▸ **What the task requires**
For every line below, output the text exactly and leave out images.

▸ **Stored data**
===

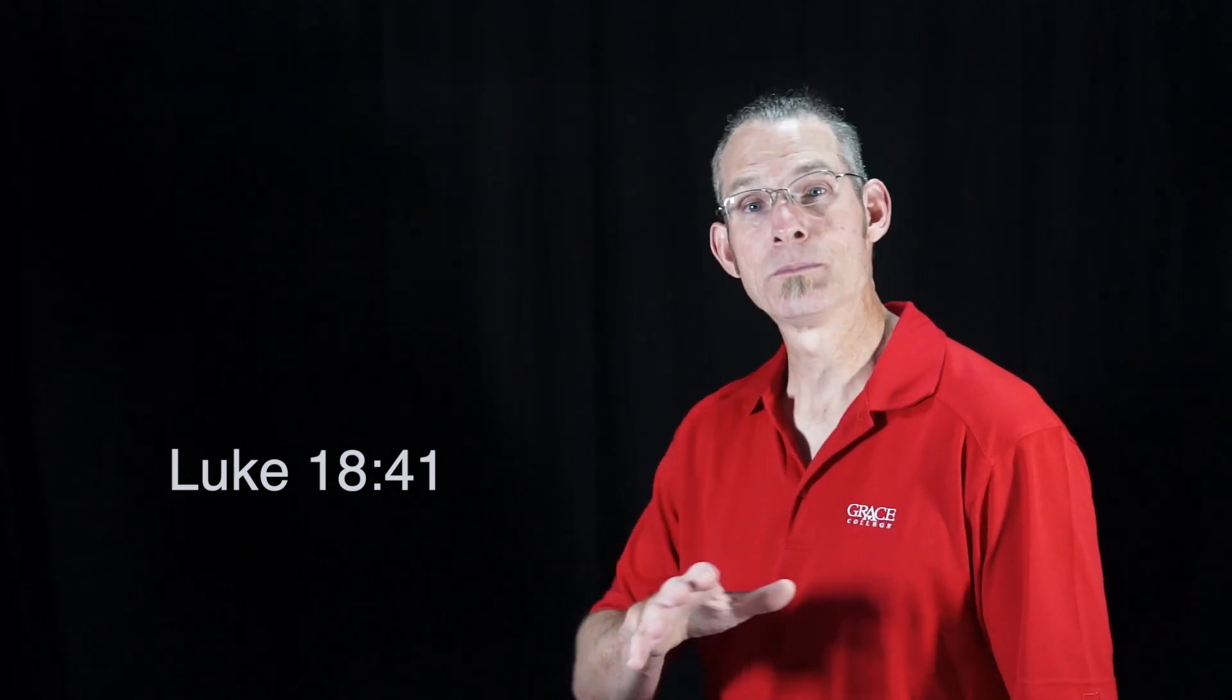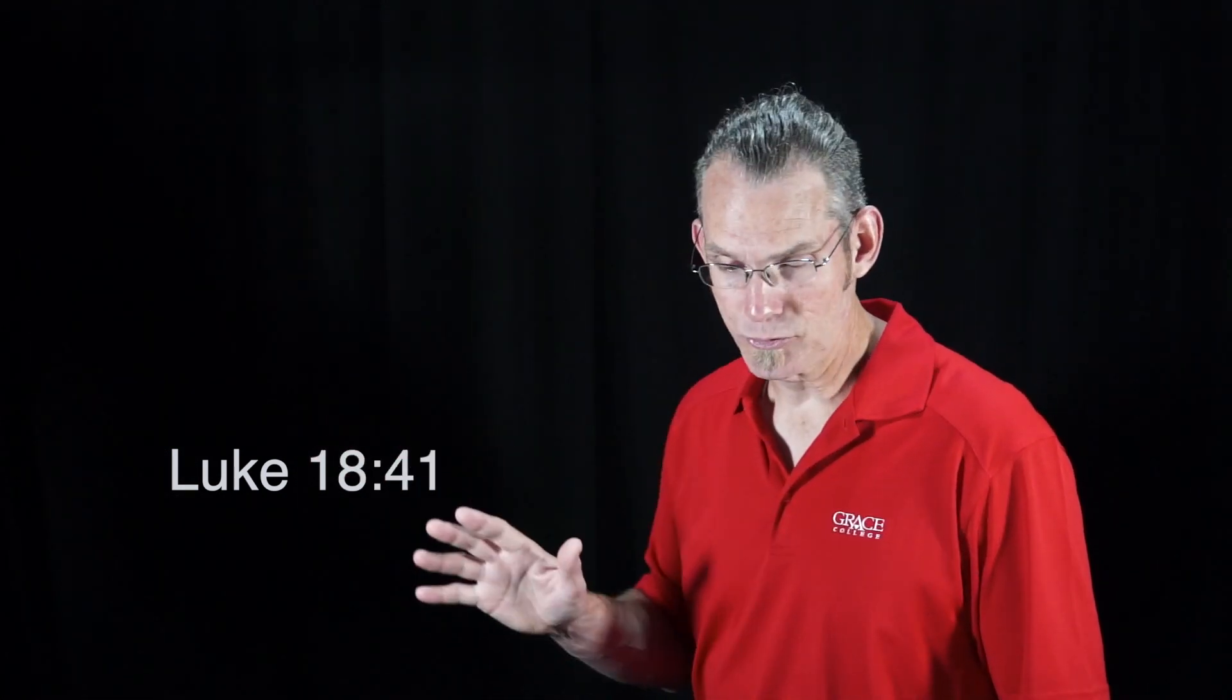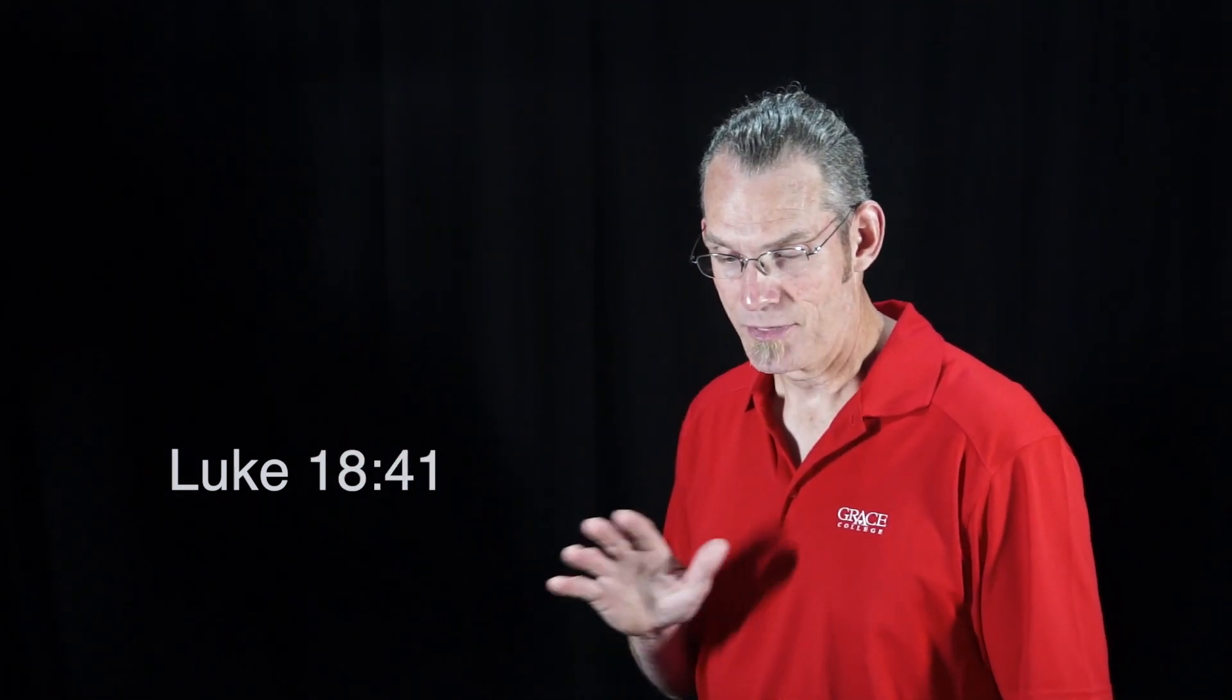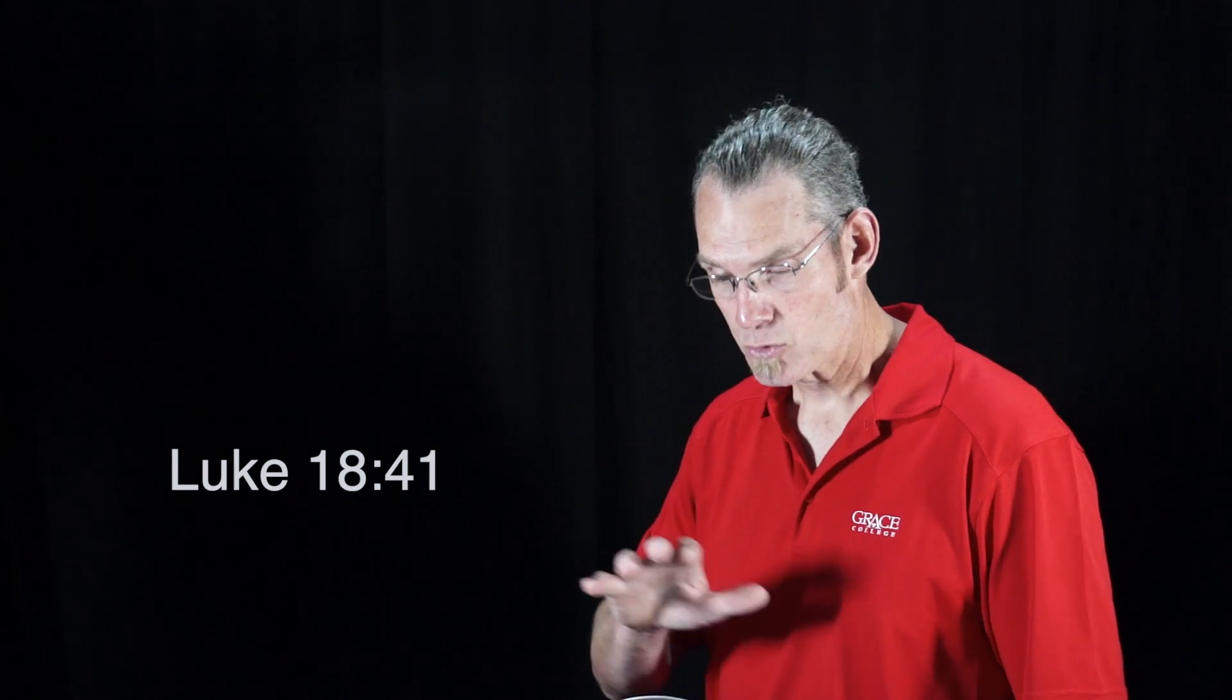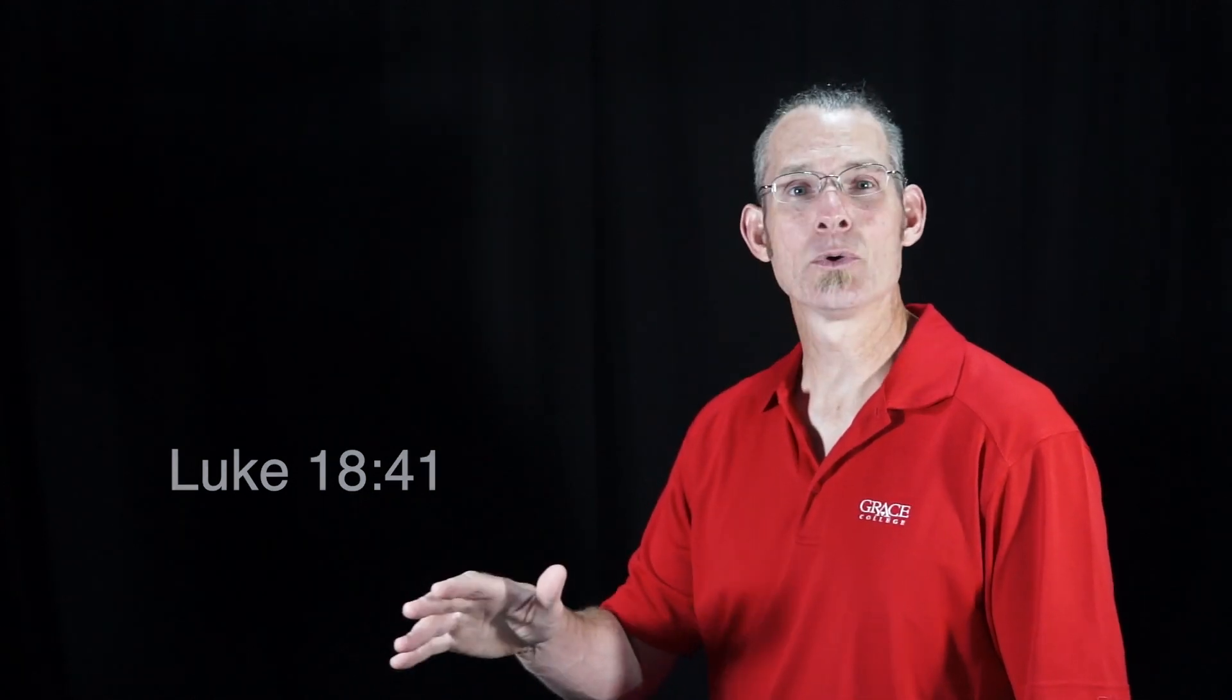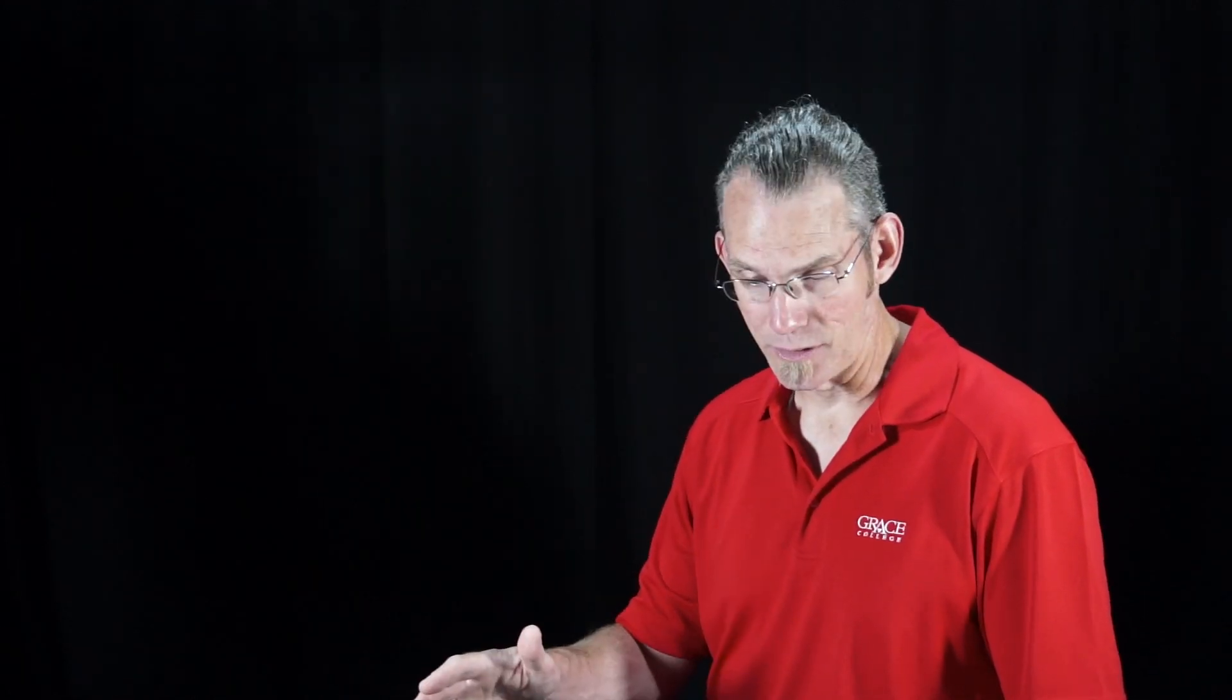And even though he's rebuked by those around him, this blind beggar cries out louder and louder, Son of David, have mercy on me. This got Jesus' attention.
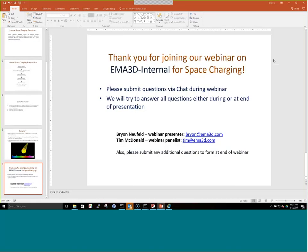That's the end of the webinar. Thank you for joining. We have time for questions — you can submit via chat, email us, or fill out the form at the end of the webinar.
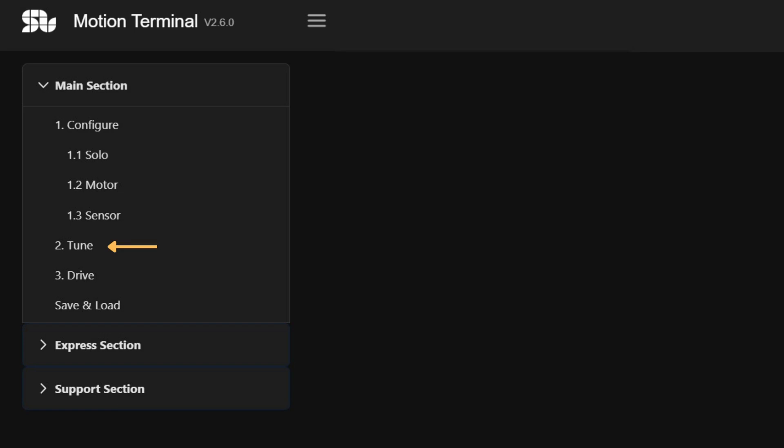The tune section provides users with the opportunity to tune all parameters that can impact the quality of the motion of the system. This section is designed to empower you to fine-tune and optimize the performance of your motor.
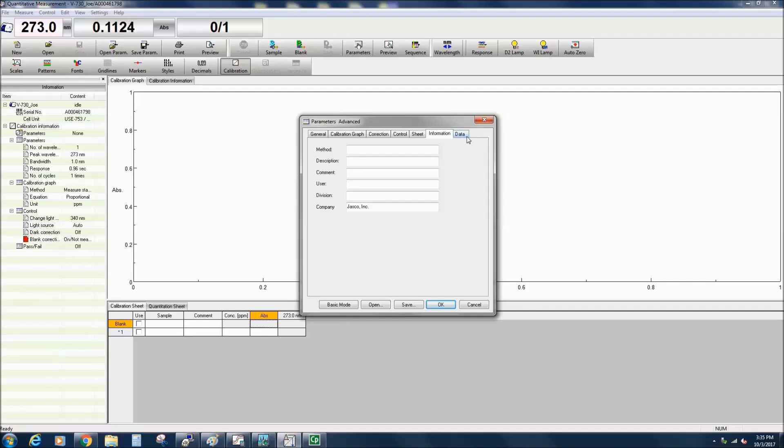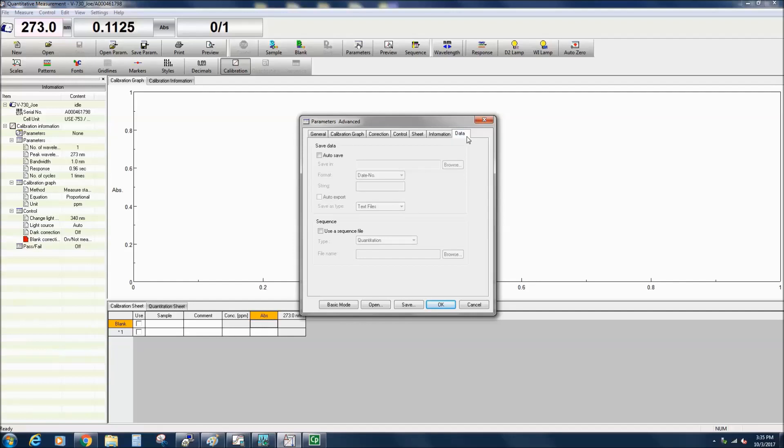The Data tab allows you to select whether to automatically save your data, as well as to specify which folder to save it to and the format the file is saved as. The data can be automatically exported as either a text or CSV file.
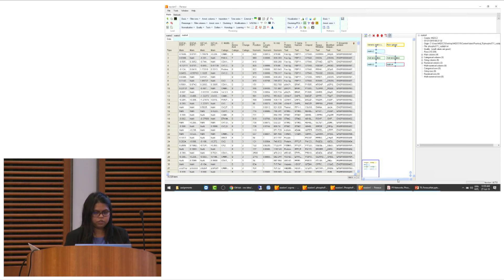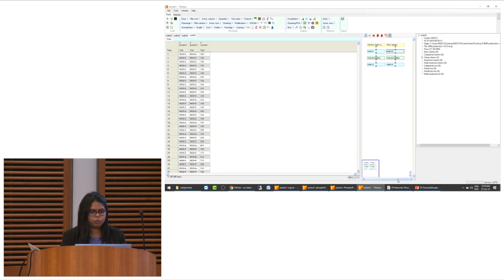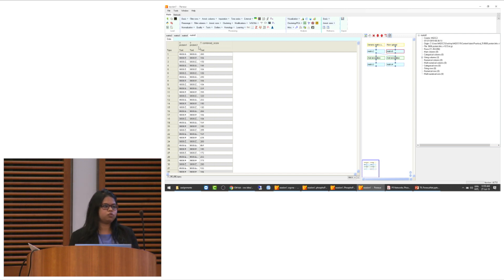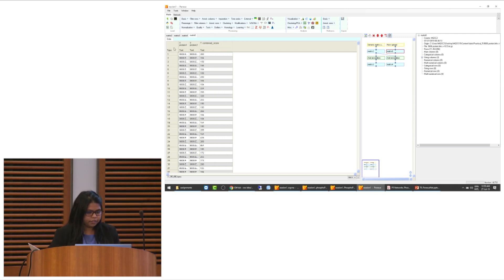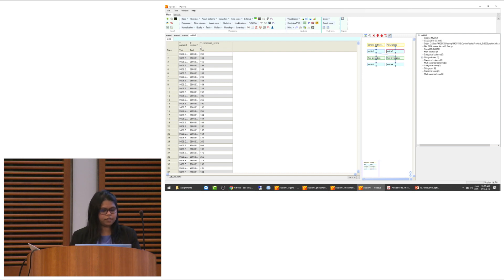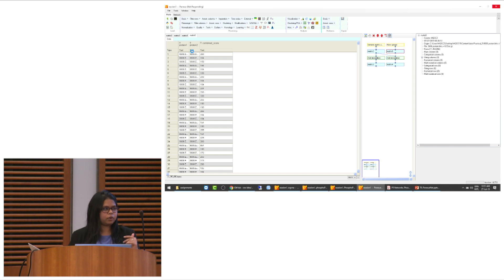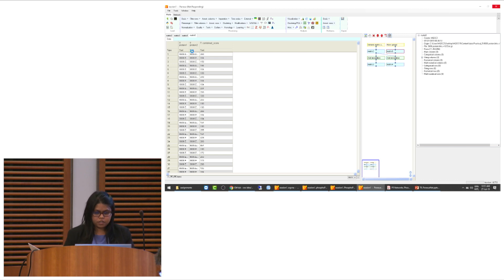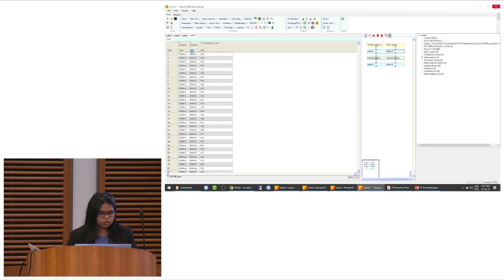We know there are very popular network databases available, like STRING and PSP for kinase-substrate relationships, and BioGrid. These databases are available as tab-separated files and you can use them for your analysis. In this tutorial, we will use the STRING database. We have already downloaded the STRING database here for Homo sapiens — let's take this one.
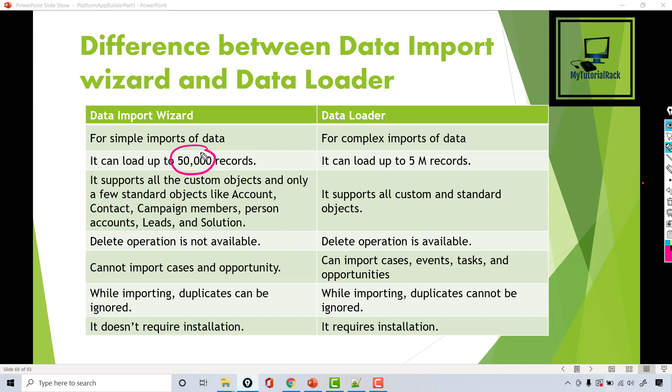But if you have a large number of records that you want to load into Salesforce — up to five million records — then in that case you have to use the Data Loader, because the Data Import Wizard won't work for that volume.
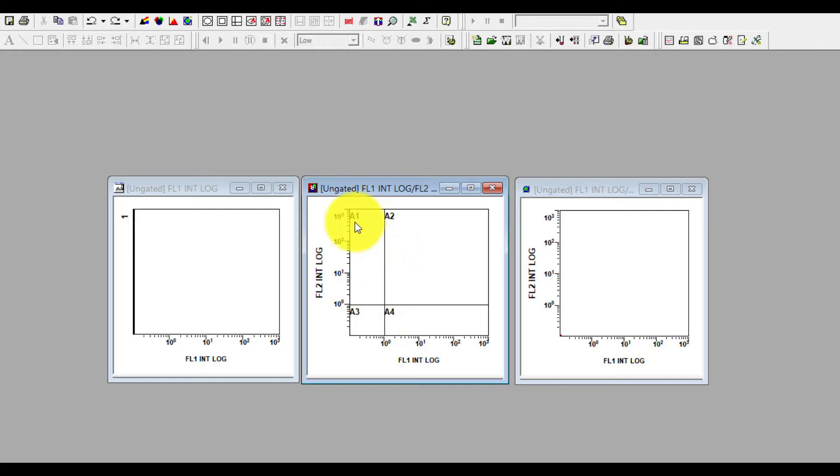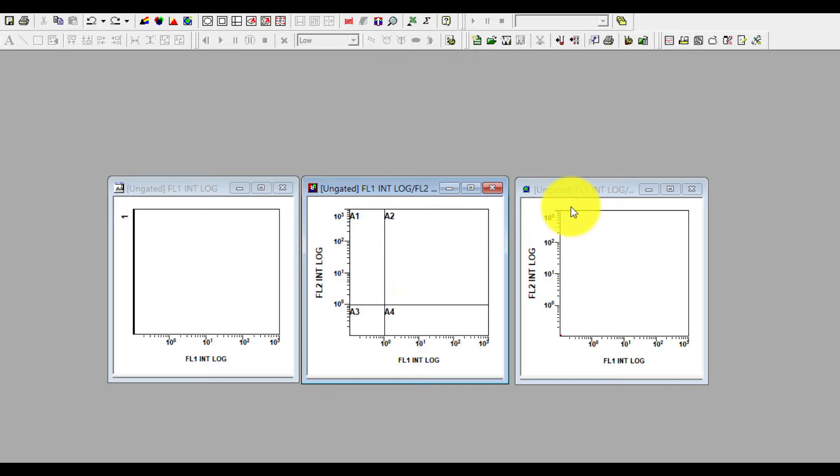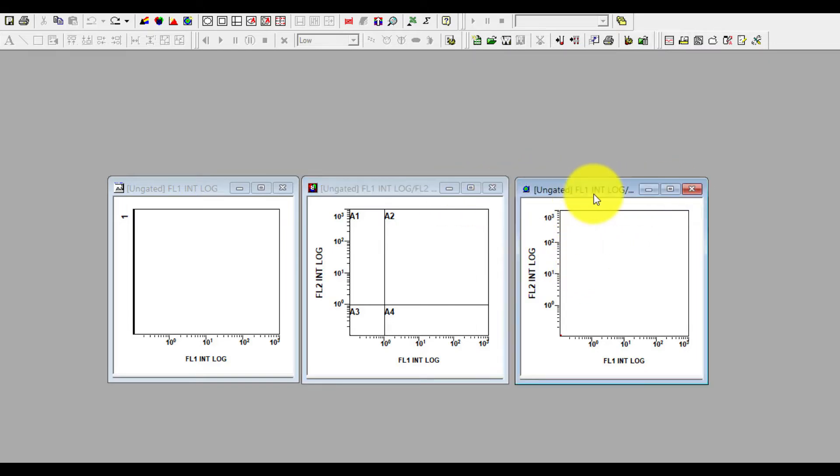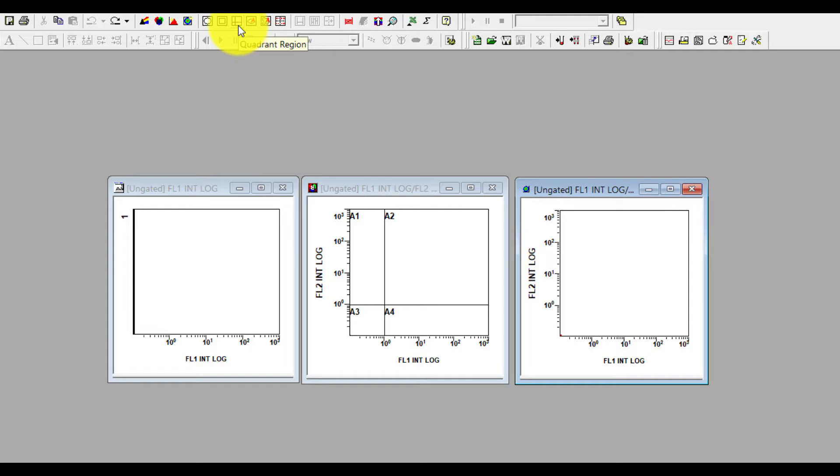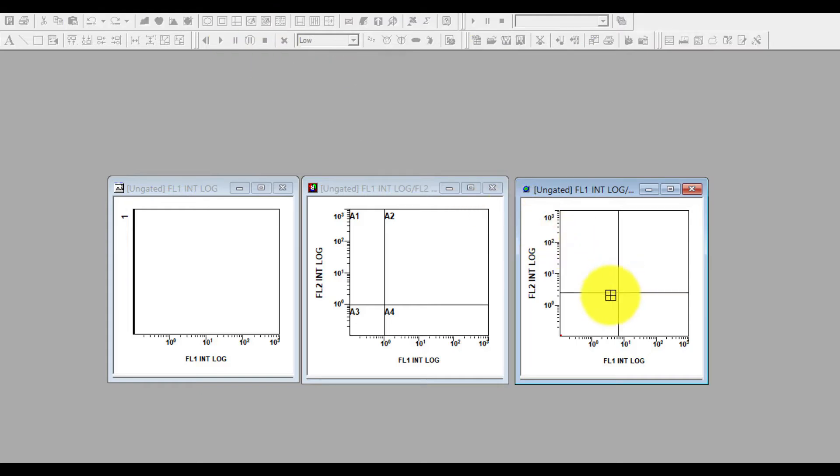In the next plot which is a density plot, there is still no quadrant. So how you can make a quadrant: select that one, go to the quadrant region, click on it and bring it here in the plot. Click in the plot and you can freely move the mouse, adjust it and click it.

===

▸ **Expected output**
And even though he's rebuked by those around him, this blind beggar cries out louder and louder, Son of David, have mercy on me. This got Jesus' attention.
That's the end of the webinar. Thank you for joining. We have time for questions — you can submit via chat, email us, or fill out the form at the end of the webinar.
The tune section provides users with the opportunity to tune all parameters that can impact the quality of the motion of the system. This section is designed to empower you to fine-tune and optimize the performance of your motor.
The Data tab allows you to select whether to automatically save your data, as well as to specify which folder to save it to and the format the file is saved as. The data can be automatically exported as either a text or CSV file.
We know there are very popular network databases available, like STRING and PSP for kinase-substrate relationships, and BioGrid. These databases are available as tab-separated files and you can use them for your analysis. In this tutorial, we will use the STRING database. We have already downloaded the STRING database here for Homo sapiens — let's take this one.
But if you have a large number of records that you want to load into Salesforce — up to five million records — then in that case you have to use the Data Loader, because the Data Import Wizard won't work for that volume.
In the next plot which is a density plot, there is still no quadrant. So how you can make a quadrant: select that one, go to the quadrant region, click on it and bring it here in the plot. Click in the plot and you can freely move the mouse, adjust it and click it.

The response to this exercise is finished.